During the 1980s, Bangladesh rapidly expanded its aquiculture industry in shrimp farming to feed growing international demand (Paprocki & Cons, 2014). The practice of turning mangroves into salt water reserves for shrimp farms has led to salt water intrusion into drinking and irrigation water, affecting the livelihoods of freshwater fishermen and farmers. Changes in the climate have exacerbated salinisation through cyclones, storm surges and tsunamis. Furthermore, aggressive shrimp corporations have displaced small farmers in the process of unchecked shrimp farm expansion. There has been no intervention to regulate shrimp farming by the Bangladesh government and conflict over water and land between farmers and shrimp companies is a continuous problem that causes fatalities.
Farmers threatened by climate change
Two-thirds of Bangladesh is less than five meters above sea level, particularly in the Bay of Bengal where shrimp cultivation is wide spread. For this reason, shrimp farms in Bangladesh are extremely vulnerable to climate change (Glass, 2013). Cyclone Sidr in 2007 destroyed more than 6,000 shrimp farms in coastal areas, affecting 400,000 farmers' only source of income (Greyl, 2014).

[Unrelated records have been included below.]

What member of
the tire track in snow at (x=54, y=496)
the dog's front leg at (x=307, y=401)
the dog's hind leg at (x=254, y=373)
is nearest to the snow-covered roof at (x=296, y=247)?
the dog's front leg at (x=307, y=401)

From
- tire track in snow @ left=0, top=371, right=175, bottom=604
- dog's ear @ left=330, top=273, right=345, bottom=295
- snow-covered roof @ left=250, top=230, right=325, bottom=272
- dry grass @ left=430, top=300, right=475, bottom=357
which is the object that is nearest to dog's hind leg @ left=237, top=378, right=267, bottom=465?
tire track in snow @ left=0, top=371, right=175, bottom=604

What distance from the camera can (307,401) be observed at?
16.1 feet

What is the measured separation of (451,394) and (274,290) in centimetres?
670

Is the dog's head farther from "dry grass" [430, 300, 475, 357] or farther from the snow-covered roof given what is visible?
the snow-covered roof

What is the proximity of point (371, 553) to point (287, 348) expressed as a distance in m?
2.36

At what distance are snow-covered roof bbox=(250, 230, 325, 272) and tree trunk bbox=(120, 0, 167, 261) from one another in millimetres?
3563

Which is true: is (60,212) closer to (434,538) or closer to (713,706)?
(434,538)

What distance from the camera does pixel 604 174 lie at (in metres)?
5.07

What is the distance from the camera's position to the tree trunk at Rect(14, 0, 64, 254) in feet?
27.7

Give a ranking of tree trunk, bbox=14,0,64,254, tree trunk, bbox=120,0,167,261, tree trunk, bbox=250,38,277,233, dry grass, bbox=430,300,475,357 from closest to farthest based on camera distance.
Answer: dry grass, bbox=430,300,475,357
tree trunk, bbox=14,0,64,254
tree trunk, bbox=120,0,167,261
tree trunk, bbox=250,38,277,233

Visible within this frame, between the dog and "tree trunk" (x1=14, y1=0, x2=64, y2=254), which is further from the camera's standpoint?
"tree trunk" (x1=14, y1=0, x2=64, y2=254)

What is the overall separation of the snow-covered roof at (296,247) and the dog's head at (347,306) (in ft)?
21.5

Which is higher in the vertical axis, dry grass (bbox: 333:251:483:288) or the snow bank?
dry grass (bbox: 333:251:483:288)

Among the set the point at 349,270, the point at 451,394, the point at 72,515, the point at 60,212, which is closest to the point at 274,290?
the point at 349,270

It is estimated that if sea levels continue to rise, 40% of Bangladesh's productive land will be inundated before the end of the century (Glass, 2013).

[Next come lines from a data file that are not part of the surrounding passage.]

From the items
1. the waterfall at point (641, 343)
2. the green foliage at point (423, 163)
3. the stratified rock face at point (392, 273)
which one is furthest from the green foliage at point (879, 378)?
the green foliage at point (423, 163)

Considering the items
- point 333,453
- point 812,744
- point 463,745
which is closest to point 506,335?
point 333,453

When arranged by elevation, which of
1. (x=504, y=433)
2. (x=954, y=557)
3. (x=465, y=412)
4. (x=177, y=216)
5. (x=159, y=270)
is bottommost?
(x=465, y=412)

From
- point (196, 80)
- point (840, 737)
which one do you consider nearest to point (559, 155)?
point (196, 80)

Reports suggest that rising water levels in the Bay of Bengal, in conjunction with increasing incidences of cyclones and storm surges has aggravated the salinisation process caused by shrimp farming; exacerbating tensions between shrimp and agricultural farmers. It is estimated that some 53% of coastal land in Bangladesh is affected by salinity caused by shrimp farming (Rahman et al, 2009). Shrimp cultivation sites are often blamed for causing extreme weather events, such as floods. The construction of illegal pipe systems which feed shrimp farms with salt water act as access points for storm surges (Earth Focus, 2012).

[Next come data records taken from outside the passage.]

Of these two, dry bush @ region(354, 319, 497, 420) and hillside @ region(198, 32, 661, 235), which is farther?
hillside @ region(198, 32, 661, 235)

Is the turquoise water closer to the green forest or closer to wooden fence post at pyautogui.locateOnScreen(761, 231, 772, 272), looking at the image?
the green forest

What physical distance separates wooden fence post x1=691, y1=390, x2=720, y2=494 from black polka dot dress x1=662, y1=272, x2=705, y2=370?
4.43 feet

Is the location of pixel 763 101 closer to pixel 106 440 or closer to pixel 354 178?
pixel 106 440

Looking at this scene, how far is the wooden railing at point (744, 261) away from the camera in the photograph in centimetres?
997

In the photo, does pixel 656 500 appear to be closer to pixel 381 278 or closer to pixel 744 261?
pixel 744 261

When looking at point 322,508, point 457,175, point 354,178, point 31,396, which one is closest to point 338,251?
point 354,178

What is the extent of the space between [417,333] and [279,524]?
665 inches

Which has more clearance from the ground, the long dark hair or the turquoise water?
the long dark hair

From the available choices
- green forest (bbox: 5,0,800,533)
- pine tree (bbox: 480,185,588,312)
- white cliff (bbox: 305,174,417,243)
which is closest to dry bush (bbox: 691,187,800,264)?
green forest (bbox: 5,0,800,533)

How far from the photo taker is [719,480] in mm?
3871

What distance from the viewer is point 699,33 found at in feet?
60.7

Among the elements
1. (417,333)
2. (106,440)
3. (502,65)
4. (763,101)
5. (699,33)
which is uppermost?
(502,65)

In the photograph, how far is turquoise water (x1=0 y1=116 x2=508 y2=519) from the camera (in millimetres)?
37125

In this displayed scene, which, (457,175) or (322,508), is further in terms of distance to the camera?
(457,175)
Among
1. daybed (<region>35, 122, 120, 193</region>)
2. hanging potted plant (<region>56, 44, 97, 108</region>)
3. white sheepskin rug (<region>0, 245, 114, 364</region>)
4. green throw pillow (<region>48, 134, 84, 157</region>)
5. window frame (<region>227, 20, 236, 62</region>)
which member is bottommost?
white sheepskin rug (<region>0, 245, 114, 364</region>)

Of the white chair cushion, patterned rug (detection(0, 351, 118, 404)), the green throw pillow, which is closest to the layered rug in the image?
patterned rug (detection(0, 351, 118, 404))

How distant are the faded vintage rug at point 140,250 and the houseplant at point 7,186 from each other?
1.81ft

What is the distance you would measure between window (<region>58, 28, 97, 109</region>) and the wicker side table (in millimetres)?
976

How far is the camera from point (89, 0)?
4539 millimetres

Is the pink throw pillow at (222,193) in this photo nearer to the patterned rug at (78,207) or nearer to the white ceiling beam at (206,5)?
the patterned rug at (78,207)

Lack of government support for anti-shrimp movements
Shrimp cultivation has also led to increased incidences of land grabbing and those who oppose shrimp farming are often met with threats and intimidation (Earth Focus, 2012). Since the shrimp cultivation boom in the 1980s numerous protests and anti-shrimp movements have developed. For example, in 2009 thousands of farmers demonstrated against shrimp farms in the Khulna and Bagerhat districts. Protests occurred again in 2010 which resulted in violent clashes between rice and shrimp farmers (Greyl, 2014).
The government encourages unchecked shrimp farming because it is a major source of state income. Although some international development agencies and NGOs have encouraged more sustainable shrimp farming practices to reduce salinisation, these attempts do not focus on conflict mediation to address the grievances of farmers. There have been smaller civil society groups, such as the NGO Nijera Kori, which have organised protests and attracted international attention to the social, economic and environmental issues of shrimp farming. However, without strong governmental support, these efforts can only make minimal progress (see the Nijera Kori Shrimp Farming Conflit).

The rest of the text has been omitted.